- **What is required**
Only one span of the listing below is wanted: the lines from the one with "Liana Rolls mix" through the one with "BeautyBigBang Geometry Nail", reproduced exactly, both ends kept.

--- Data to use ---

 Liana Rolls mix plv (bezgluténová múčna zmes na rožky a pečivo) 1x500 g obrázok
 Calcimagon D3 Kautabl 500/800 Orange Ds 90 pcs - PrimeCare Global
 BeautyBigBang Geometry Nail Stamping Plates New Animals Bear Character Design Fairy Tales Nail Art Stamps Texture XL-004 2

---
--- Data to use ---

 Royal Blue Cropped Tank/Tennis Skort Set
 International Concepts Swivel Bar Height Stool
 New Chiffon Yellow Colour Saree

---

- **Answer**
 Liana Rolls mix plv (bezgluténová múčna zmes na rožky a pečivo) 1x500 g obrázok
 Calcimagon D3 Kautabl 500/800 Orange Ds 90 pcs - PrimeCare Global
 BeautyBigBang Geometry Nail Stamping Plates New Animals Bear Character Design Fairy Tales Nail Art Stamps Texture XL-004 2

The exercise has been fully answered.